Note: this project won 5th place at at MatadorHacks
As our world moves toward an increasingly global society, people tend to find themselves having to learn more and more languages, just to be able to communicate. Learning a new language can be hard. Services like Duolingo or Rosetta Stone provide excellent sources for learning words or hearing pronunciations, but one of the most difficult parts of learning a language is learning to pronounce the words correctly.
What it does
The goal of VOCALaiZ is to make it easier for non-native speakers to learn the pronunciation of a word.
How we built it
The program takes in an audio file, sends it to the cloud, converts it to speech using ML, generates an audio file based on that text, and then compares the fingerprints of the input file and generated file. Then it determines a pronunciation score.
Challenges we ran into
When we first started out, we thought the project would be fairly straightforward. Recognize the words, then get the ML model's confidence that it was correct. That parameter should scale to the quality of a person's pronunciation. But no. Sadly, it was nowhere near that simple. The model didn't output data accurate enough to use in our code. So instead, we decided to compare every word that was spoken to a correctly pronounced sample. In doing so, we ran into some errors and complications involving the audio fingerprint. For example, the function doesn't take floats as timestamps, so if our audio bit is less than one second, it read it as 0 seconds and no audio file. The interactions with the Google Cloud API also took a while to figure out.
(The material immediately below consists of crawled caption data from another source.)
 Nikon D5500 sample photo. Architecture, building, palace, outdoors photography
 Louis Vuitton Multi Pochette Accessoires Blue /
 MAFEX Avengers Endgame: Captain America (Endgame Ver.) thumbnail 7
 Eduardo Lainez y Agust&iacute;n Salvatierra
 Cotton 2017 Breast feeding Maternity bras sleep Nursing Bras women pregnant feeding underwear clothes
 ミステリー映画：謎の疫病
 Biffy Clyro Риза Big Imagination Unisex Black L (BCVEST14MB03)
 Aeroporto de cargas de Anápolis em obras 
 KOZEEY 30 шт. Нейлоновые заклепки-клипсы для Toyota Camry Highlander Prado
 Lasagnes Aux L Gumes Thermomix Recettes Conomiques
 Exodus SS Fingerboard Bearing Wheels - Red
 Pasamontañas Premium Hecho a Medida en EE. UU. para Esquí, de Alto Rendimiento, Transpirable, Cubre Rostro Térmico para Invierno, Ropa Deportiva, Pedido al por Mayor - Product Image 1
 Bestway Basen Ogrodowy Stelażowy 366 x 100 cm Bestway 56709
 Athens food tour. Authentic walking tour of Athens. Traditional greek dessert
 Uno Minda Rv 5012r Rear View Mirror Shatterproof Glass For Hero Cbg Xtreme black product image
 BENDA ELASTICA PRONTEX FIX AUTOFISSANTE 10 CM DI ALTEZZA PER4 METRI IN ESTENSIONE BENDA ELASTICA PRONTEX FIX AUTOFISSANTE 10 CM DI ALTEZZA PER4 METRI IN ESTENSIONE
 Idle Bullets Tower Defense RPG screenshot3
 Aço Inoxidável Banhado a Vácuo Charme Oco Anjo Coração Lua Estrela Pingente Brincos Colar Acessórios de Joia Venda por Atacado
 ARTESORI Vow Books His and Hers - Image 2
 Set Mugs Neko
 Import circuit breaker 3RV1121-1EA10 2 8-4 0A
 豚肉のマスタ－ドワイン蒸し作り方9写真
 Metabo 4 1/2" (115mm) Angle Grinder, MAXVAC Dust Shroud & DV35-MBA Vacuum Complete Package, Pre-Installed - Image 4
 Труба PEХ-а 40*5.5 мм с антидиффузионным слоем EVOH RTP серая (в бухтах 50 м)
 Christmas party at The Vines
Accomplishments that we're proud of
Getting all of the different parts to work together was very challenging but we were able to get it to work.
What we learned
We learned how to implement neural networks, fingerprint audio and deal with binaries. Other useful skills learned include: dealing with expo audio streaming, interacting with cloud-based servers, and implementation of libraries such as ffmpeg, pyacoustid, pydub, beautiful soup, and more.
What's next for vocalaiz
In the future, we plan to add streaming capability, as well as other languages.